Source: Markus Reisinger.

When deciding how much of the overcharge to pass on, a direct purchaser faces a standard trade-off: a larger pass-on will lead to a fall in demand, but the margin will shrink by less than would be the case when keeping the price constant. If the direct purchaser’s demand is, for example, very responsive to price, the optimal pass-on should therefore only be small.

In addition, the competitive environment in the market is an important driver of the passing-on. If the direct purchaser is operating in a highly competitive market, in which prices are close to marginal cost, the company does not have much choice but to increase its price by around the same size as the overcharge. This is different if the firm has market power.

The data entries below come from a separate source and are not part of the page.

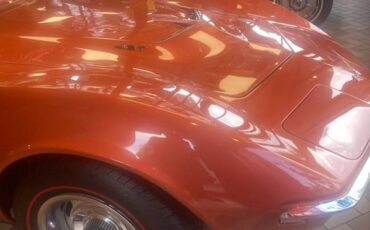 Chevrolet-corvette-1968-orange-3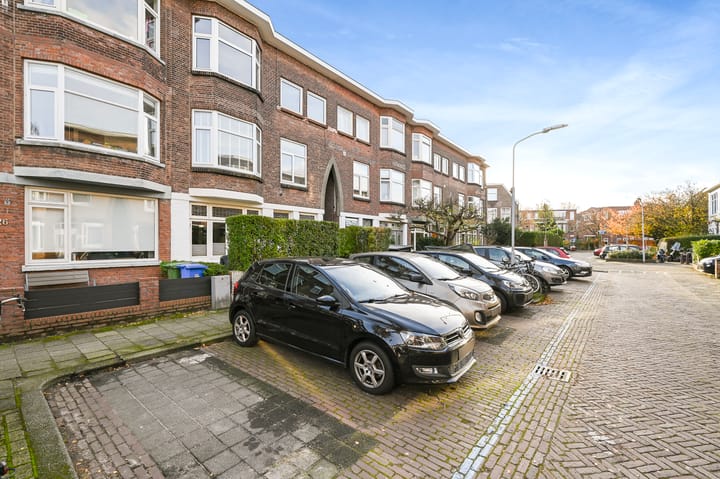 Foto 24 van van Naeltwijckstraat 22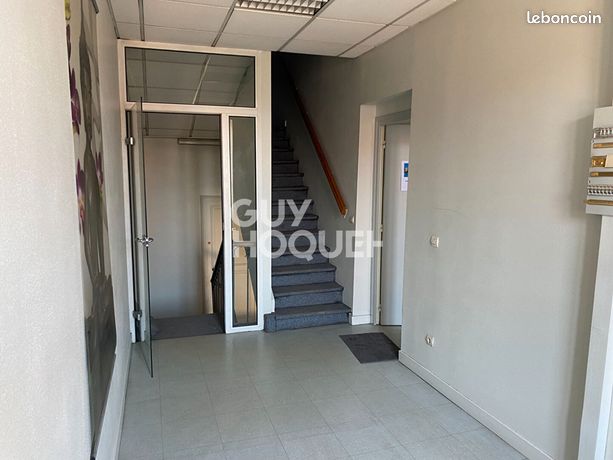 https://img.leboncoin.fr/api/v1/lbcpb1/images/11/9b/ad/119bad5da31de491ef792201eaa00c8186875c37.jpg?rule=ad-image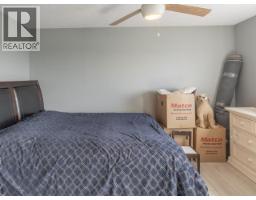 1701-5018 49 Street, Yellowknife, NT  Photo 21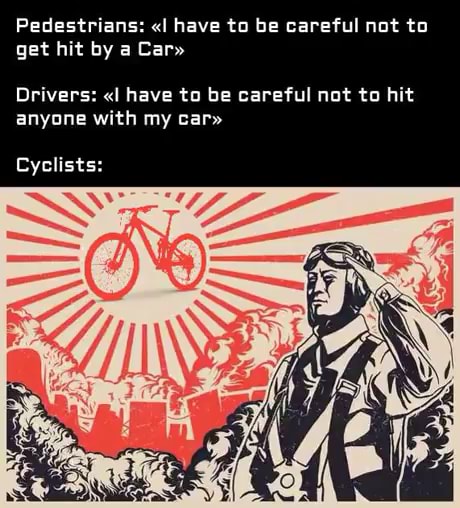 <a href="/reddit_lies/">Reddit Lies</a>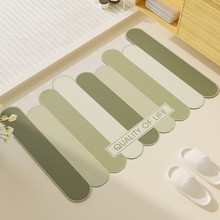 sԡҵ؉|ܛ|gTT|òҎtˮٸ_|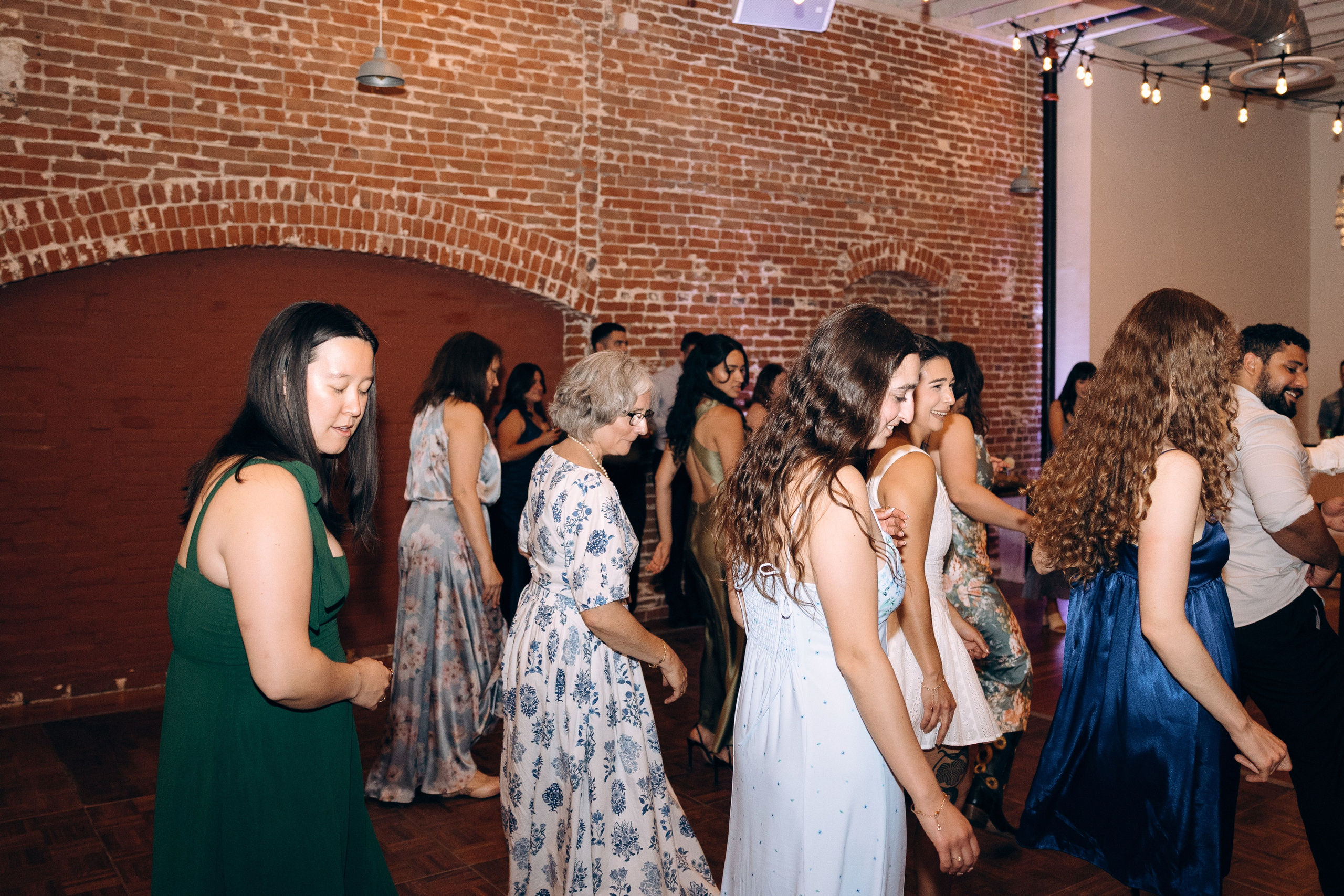 Braydan&Samantha. Wedding and family photographer San Diego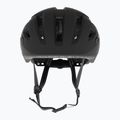 Casco da bicicletta Bollé Stance Pure nero opaco 2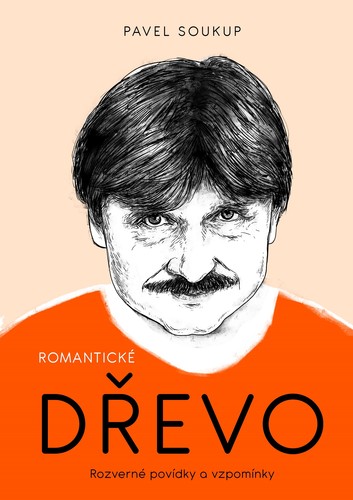 Obrázok Romantické dřevo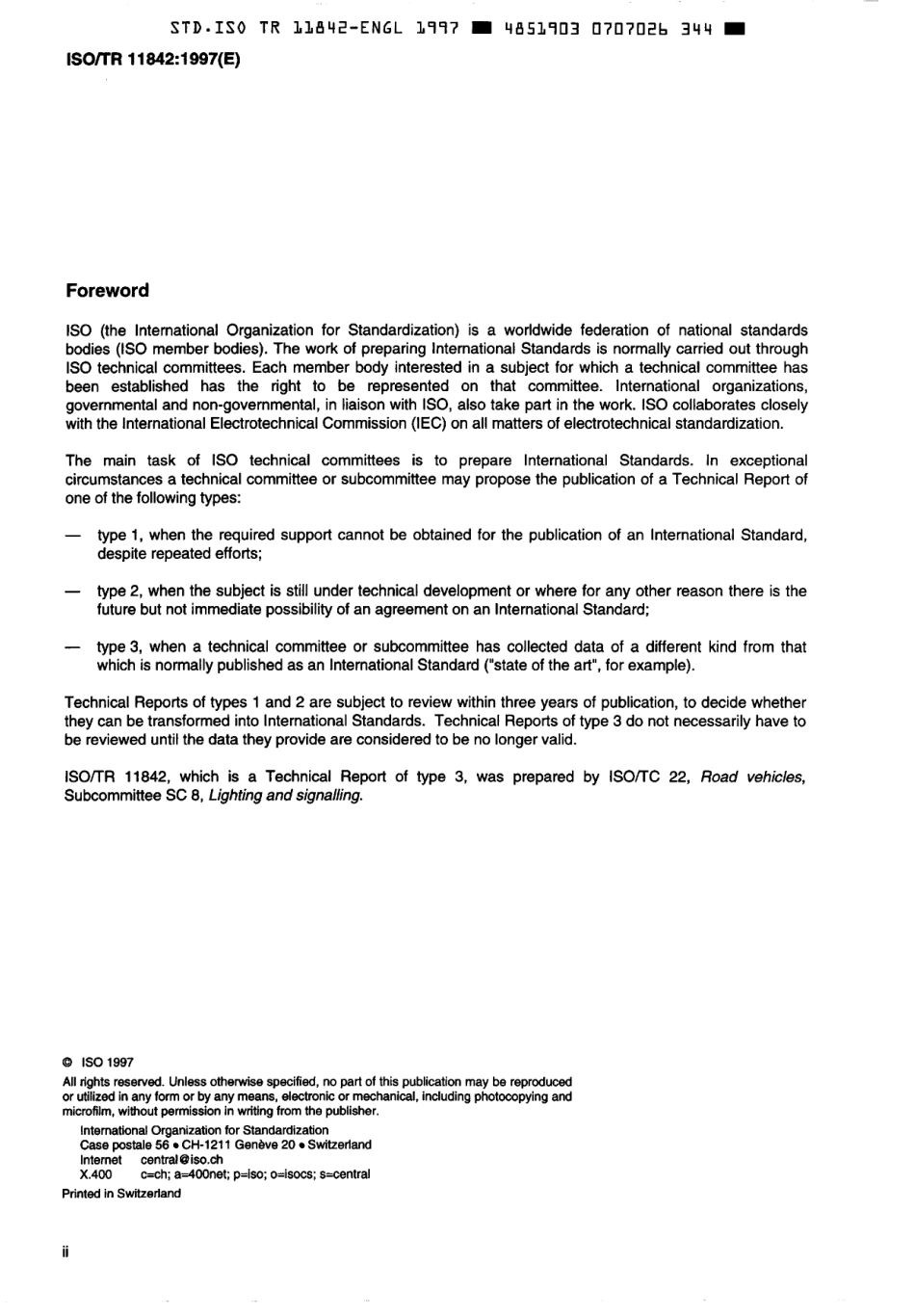 ISO TR 11842-1997 scan.pdf_第2页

It can then balance off the pros and cons from a price increase, which may lead to a pass-on of more or less than 100%. For example, in a simple scenario with linear demand and constant marginal costs, economic theory predicts an overcharge of 50%, provided that indirect purchasers do not pass on the overcharge themselves. However, due to factors not related to market power, such as economies of scale or a constant percentage mark-up, the pass-on can be more than 100%. Also, the shape of the demand function is a crucial driver of the pass-on rate. For example, if demand is convex, pass-on is predicted to be more than 100% because a cost increase drives the optimal price to a less elastic part of the demand. In fact, several studies in various industries document overcharges of more than 100%.2

Moreover, the extent to which competitors are affected by the overcharge also determines the scope to pass on the cost increase. This leads to the distinction between a firm-specific and an industry-wide overcharge. If only one company is subject to the overcharge, it is constrained in its ability to pass on the cost increase—especially if competition is strong. As the company can pass on only a small amount of the overcharge, this could, in the extreme, render its business unprofitable, leading to exit from the market in the medium run. Instead, if the overcharge is industry-wide, no direct purchaser is at a competitive disadvantage, which implies that pass-on is likely to be higher. Again, this effect is pronounced if competition is strong. If, instead, the company has considerable market power, the difference between firm-specific and industry-wide overcharge becomes less pronounced—and the two cases converge if the company is acting as a monopolist.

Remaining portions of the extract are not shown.